Although a Catholic, this adventurous, politically rather inept prince had always cultivated close ties with the Ukrainian Orthodox and soon after his election he made it clear that he intended to limit or even break off ties with Poland. Fearful of losing their access to the vast eastern lands, the Poles resorted to force and invaded Podilia and Volhynia. They also sought to undermine Svidrigaillo internally by organizing a pro-Polish party among the Lithuanians. This faction declared the election of Svidrigaillo as grand prince to be illegal and proceeded to elect Sigismund of Starodub, the younger brother of Vytautas, to the office. Consequently, in 1432, the Grand Principality split into two enemy camps: the ethnic Lithuanian areas sided with Sigismund while the Ukrainians backed Svidrigaillo.The issues that separated these two camps were of crucial importance. Would the union of Poland and Lithuania continue to exist? Would the Ukrainians, by retaining Svidrigaillo on the throne, attain dominance in the Grand Principality? Or would the Poles gain access to the Grand Principarity’s vast, open Ukrainian lands? After some desultory fighting, negotiations ensued in which Sigismund and the pro-Polish side gained the advantage. By granting the Orthodox nobles the same rights that the Catholics enjoyed, Sigismund won over many of Svidrigaillo’s Ukrainian followers. When Svidrigaillo employed terror tactics, such as the burning alive of Herasym, the metropolitan of Smolensk, he only encouraged more defections, which eventually led to his defeat. As a result of this conflict, another Ukrainian land, Podilia, came under Polish control. However, Volhynia, whose populace fiercely resisted the Polish invaders, remained a part of the Grand Principality. In any case, it was obvious that Polish influence and pressure had severely disturbed the previously placid relations between the Lithuanians and Ukrainians of the principality.

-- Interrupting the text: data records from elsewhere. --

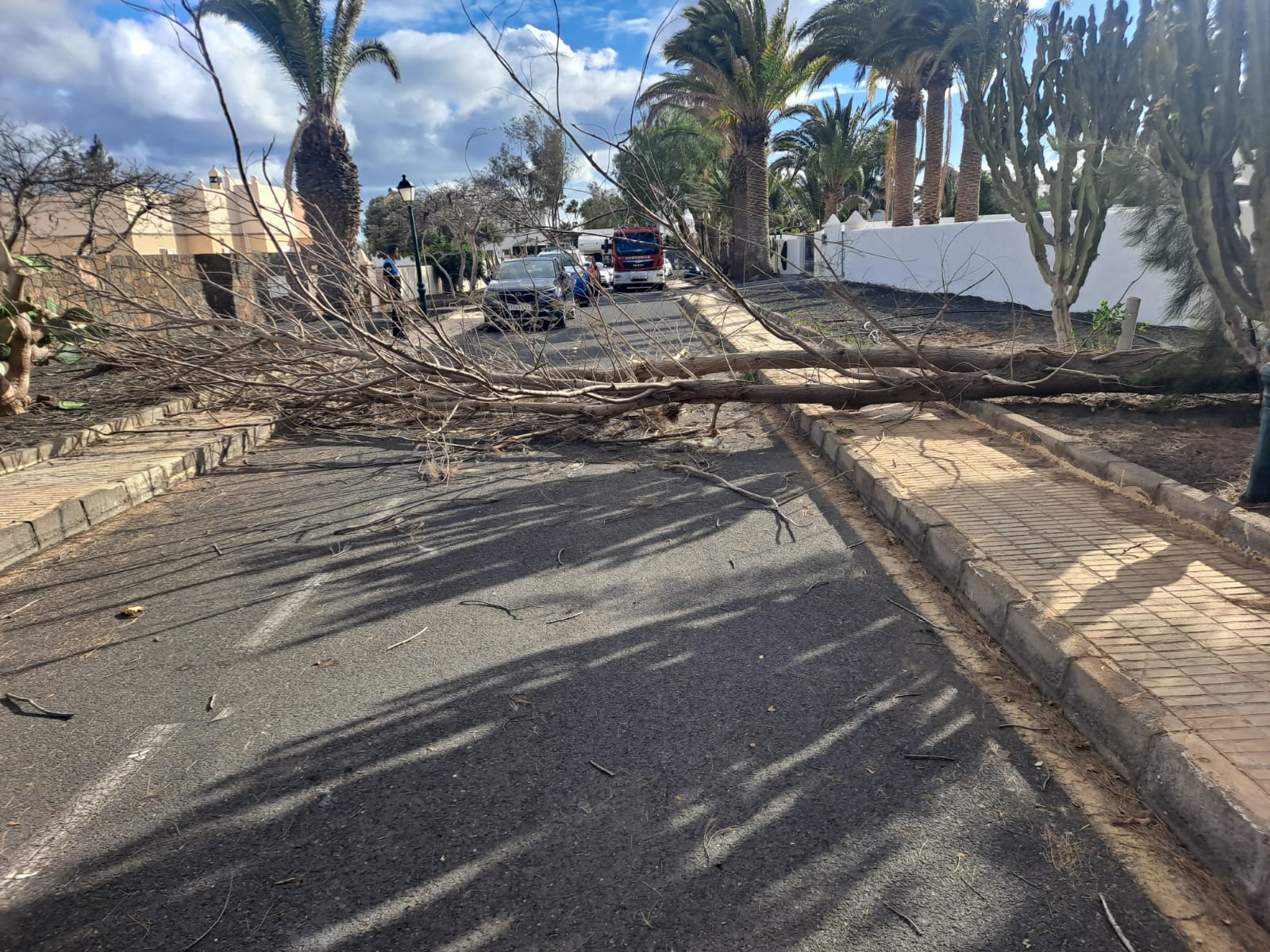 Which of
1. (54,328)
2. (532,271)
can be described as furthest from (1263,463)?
(532,271)

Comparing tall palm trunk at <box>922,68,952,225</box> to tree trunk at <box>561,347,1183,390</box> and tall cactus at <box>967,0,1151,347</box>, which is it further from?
tree trunk at <box>561,347,1183,390</box>

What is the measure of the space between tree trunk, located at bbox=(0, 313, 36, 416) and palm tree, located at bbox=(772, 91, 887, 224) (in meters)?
32.6

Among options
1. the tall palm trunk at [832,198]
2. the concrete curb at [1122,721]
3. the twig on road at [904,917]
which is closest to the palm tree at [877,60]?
the tall palm trunk at [832,198]

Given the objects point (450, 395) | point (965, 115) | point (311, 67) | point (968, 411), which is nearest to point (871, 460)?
point (968, 411)

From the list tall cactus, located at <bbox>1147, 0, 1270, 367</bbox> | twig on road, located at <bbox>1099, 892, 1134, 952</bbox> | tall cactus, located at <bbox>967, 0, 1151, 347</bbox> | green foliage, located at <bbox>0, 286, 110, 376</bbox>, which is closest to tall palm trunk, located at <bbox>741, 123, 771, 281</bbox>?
tall cactus, located at <bbox>967, 0, 1151, 347</bbox>

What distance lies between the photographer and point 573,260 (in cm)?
713

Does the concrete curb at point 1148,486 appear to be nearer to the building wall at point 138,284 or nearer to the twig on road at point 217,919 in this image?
the twig on road at point 217,919

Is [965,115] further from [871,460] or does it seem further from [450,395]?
[450,395]

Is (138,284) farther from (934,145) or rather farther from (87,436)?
(934,145)

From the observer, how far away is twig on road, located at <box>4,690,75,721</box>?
134 inches

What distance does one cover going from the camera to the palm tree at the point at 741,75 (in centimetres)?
2600

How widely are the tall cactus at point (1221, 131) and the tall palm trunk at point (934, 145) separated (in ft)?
→ 61.1

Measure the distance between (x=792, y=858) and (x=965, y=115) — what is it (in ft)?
39.9

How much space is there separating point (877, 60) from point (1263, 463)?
2308cm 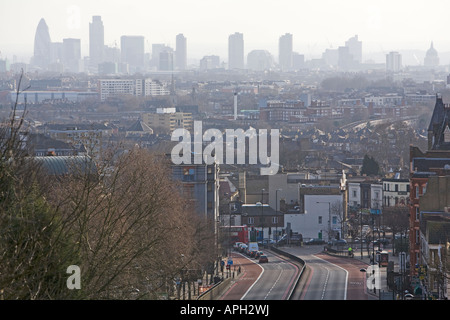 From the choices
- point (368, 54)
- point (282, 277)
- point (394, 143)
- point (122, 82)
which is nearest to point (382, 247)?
point (282, 277)

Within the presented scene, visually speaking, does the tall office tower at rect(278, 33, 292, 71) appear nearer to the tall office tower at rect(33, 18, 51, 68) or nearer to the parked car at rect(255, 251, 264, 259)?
the tall office tower at rect(33, 18, 51, 68)

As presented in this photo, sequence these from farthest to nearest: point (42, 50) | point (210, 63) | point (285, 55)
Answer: point (210, 63)
point (285, 55)
point (42, 50)

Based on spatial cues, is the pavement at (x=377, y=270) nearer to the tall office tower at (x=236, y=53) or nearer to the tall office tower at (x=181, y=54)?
the tall office tower at (x=236, y=53)

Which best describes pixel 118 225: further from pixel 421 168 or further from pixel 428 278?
pixel 421 168

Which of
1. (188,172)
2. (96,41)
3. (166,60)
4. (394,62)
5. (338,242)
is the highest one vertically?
(96,41)

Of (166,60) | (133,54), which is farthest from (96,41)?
(133,54)

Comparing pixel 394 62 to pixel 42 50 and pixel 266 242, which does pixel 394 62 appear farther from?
pixel 266 242

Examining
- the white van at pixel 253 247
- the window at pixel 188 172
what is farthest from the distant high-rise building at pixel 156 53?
the window at pixel 188 172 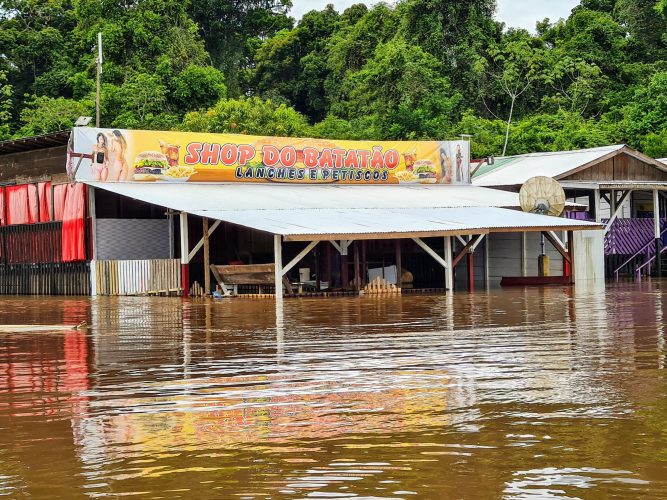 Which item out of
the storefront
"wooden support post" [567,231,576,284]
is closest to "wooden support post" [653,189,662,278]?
the storefront

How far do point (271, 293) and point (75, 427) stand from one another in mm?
19942

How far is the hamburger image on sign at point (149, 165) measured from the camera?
30.9m

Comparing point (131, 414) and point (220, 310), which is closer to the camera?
point (131, 414)

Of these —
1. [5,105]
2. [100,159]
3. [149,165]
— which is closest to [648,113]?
[149,165]

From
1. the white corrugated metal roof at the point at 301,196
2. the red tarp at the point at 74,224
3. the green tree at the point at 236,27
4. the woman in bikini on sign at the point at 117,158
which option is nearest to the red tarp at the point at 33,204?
the red tarp at the point at 74,224

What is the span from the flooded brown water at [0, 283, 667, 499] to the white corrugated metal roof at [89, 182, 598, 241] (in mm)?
10071

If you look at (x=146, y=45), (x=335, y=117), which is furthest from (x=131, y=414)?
(x=335, y=117)

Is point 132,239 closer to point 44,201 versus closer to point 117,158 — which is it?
point 117,158

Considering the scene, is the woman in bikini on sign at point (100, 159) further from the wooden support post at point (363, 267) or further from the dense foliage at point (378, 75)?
the dense foliage at point (378, 75)

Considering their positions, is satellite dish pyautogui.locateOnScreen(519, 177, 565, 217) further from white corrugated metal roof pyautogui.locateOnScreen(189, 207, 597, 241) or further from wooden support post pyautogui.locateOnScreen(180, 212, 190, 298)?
wooden support post pyautogui.locateOnScreen(180, 212, 190, 298)

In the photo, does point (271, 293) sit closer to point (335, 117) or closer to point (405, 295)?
point (405, 295)

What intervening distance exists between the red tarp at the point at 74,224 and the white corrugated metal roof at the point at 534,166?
1358 centimetres

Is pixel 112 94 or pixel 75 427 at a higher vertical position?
pixel 112 94

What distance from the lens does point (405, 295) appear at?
91.0 ft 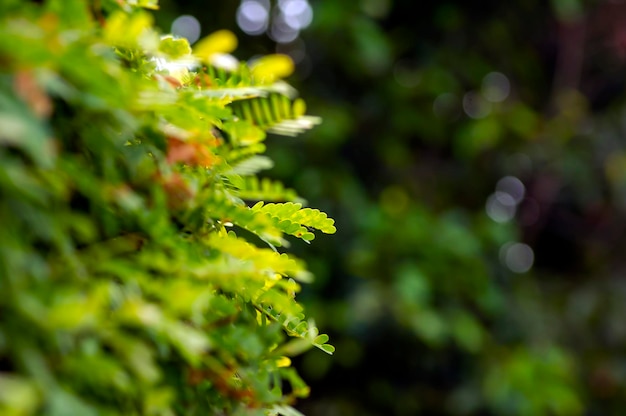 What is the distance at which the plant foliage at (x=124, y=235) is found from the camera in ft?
1.19

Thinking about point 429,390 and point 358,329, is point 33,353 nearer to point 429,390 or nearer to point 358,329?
point 358,329

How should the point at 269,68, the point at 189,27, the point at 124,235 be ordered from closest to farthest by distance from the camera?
the point at 124,235
the point at 269,68
the point at 189,27

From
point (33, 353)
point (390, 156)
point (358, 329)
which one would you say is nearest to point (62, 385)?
point (33, 353)

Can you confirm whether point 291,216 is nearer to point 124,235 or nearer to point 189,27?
point 124,235

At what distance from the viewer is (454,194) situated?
336cm

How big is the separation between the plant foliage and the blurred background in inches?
80.2

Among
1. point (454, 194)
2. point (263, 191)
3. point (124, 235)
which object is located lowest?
point (124, 235)

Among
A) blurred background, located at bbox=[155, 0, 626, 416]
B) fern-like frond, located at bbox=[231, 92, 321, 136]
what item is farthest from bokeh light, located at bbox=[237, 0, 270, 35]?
fern-like frond, located at bbox=[231, 92, 321, 136]

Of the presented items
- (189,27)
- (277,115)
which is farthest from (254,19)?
(277,115)

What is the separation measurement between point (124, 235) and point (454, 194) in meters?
2.99

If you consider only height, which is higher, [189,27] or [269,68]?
[189,27]

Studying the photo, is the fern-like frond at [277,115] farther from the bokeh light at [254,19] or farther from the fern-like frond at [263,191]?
the bokeh light at [254,19]

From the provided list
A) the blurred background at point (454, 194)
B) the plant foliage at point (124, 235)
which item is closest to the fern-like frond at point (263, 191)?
the plant foliage at point (124, 235)

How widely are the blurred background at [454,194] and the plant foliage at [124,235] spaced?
2037 millimetres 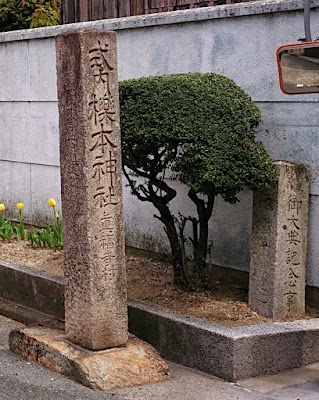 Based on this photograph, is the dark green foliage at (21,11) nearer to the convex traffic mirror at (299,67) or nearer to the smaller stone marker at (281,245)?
the smaller stone marker at (281,245)

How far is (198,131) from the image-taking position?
6.06 m

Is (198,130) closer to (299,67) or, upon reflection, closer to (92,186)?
(92,186)

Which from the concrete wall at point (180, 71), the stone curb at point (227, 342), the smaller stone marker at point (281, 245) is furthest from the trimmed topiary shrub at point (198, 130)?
the stone curb at point (227, 342)

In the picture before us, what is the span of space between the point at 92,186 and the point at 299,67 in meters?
1.83

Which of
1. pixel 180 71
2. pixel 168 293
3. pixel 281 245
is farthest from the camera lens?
pixel 180 71

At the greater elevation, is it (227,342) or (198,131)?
(198,131)

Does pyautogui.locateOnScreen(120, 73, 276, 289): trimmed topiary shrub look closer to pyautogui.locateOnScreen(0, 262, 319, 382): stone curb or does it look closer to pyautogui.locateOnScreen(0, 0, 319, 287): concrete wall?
pyautogui.locateOnScreen(0, 0, 319, 287): concrete wall

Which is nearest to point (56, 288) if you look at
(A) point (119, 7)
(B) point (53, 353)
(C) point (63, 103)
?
(B) point (53, 353)

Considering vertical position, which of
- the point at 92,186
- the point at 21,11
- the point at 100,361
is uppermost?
the point at 21,11

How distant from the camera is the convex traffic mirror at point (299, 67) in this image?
433 centimetres

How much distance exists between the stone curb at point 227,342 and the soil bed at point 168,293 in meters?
0.28

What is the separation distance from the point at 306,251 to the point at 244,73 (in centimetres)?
172

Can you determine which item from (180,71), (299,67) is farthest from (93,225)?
(180,71)

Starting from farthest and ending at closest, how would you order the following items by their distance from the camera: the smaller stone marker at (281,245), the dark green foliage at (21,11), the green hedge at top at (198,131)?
the dark green foliage at (21,11), the smaller stone marker at (281,245), the green hedge at top at (198,131)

In the mid 15th century, relations between the Lithuanian and Ukrainian elites took a turn for the worse, especially after the new Grand Prince, Casimir Jagiełło, instituted another series of centralizing reforms.
In 1452 Volhynia, occupied by a Lithuanian army, was transformed, in accordance with Polish models, into a common province, which was governed by an official of the Grand Prince. In 1471, Kiev and its surrounding territories experienced a similar fate. Despite the fruitless protests of Ukrainians to the effect that prestigious Kiev should rule itself or, at least, be governed by a prince rather than an untitled official, it was evident that the last institutional remainders of Kievan Rus’ and of Ukrainian self-rule were quickly disappearing. The rise of MoscowWhile the Lithuanian grand princes cared little about retaining the goodwill of their Ukrainian subjects, the grand princes of Moscow cultivated it. And they were now a power to be reckoned with. By ingratiating themselves for generations with their overlords, the khans of the Golden Horde, the princes of Moscow rose to a position of prominence among the Russian principalities of the northeast. In time they transformed their predominance into control: in 1463, the principality of Iaroslav; in 1474, Rostov; in 1478, rich and vast Novgorod; and in 1485, the last serious Russian rival, the principality of Tver, succumbed to Moscow. With almost all the northeast under its aegis, Moscow cast off, rather anticlimactically, the centuries-old Mongol yoke in 1480. Along with Moscow’s expanding power came the need to rationalize it. Therefore, the so-called Third Rome doctrine was formulated. It proclaimed that Moscow, after the fall of Rome and Constantinople, was destined to be the third – and permanent – holy and universal empire. Meanwhile, Ivan III of Moscow began to title himself “sovereign (gosudar) of all Rus’” and to claim that all the lands that were once a part of Kievan Rus’ should now belong to Moscow.
For Lithuania, Moscow’s actions as well as its words were deeply disturbing. In the 1490s, when Muscovite forces approached a number of Lithuanian principalities in the Chernihiv region of eastern Ukraine, their Orthodox princes voluntarily accepted Muscovite sovereignty.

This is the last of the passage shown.